Verse 15 stresses again that this is all and only through Jesus:

Therefore he is the mediator of a new covenant, so that those who are called may receive the promised eternal inheritance, since a death has occurred that redeems them from the transgressions committed under the first covenant.

Jesus is the mediator.  There’s no other way.  Even the old way that God once gave is now defunct.

Imagine a frozen river.  The first time Veronica and I went to Montréal the St. Lawrence and Ottawa Rivers were frozen.  We were driving across the bridge from the west end of the island where the two rivers meet and we saw a Jeep cruising over the ice back towards Montréal.  The ice was that thick.  You can do that in the middle of a cold Québec winter, but when Spring comes the bridge is the only way across.  Try driving your car on thin ice—or try driving on water—and you’ll die.

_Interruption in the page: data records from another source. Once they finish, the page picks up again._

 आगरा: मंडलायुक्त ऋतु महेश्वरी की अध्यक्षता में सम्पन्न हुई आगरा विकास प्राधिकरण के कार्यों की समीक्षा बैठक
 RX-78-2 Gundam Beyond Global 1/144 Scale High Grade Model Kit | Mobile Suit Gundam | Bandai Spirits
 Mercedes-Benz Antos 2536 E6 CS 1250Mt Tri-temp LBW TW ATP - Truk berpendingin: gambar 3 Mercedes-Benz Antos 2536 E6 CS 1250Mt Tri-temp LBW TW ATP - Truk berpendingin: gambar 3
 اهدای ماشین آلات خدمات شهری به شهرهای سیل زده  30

In Jesus Spring has come to the world.  In Jesus a bridge has been provided across the water.  The law was perfectly good in its time, just as the ice was safe to drive on if you wanted to cross the river in January, but the time has passed for that.  If you want to cross the river now the bridge Jesus provides is the only way.  Hebrews was written to people who feared persecution for following Jesus.  They were tempted to try to drive across the water.  Last week in our Epistle from Galatians we read about the Judaisers.  They were insisting that to follow Jesus the Gentiles had to be circumcised, follow the right dietary rules, and observe the Sabbath.  They still said they were following Jesus, but it doesn’t work that way.  That’s like telling everyone how perfectly good the bridge is while trying to drive your car across the water.  The ice is gone.  The time for those old ways has passed.  Jesus offers something better and his way is the only way.

Brothers and Sisters, do our lives demonstrate faith in Jesus as our sole mediator?  While you and I may not be tempted to go back to the law or the temple or the old covenant sacrifices, we have our own pasts to which we often hold more tightly than we may realise.  We profess faith in Jesus, but we still haven’t repented of all of our old loyalties, all of our old ways of doing things, all of our old sources of security.  We profess Jesus, but we still find satisfaction in sin and in self.  We say we trust Jesus, but we still look for security in work and in money.  We say we trust Jesus, but we often evaluate ourselves spiritually in terms of dead works.  Friends, it’s like giving people directions to the bridge, while we ourselves are sitting in our cars with the engine running, nosing our wheels into the river.  Lent is a time for us to look around, to take stock, and to evaluate our situation.  Easter is only a few weeks away.  It’s a reminder that in Jesus Spring has arrived.  The river isn’t frozen anymore.  We need to let go of the old ways of life and follow Jesus. Yes, it means challenge and it means sacrifice, but Jesus is better in every way.  He has redeemed us from dead works to serve the living God.

Let us pray: Gracious Father, we thank you this morning for the sacrifice you have made in the death of your Son, our Lord, Jesus Christ.  In Jesus the price of our sin has been paid once and for all.  By his blood we are washed clean through and through.  Strengthen our faith, Father, that we might trust fully in Jesus as our only mediator.  Open our eyes to the areas of life in which we’ve failed to repent, and give us the faith to entrust those things to you.  We ask this through him, our Saviour and Lord.  Amen.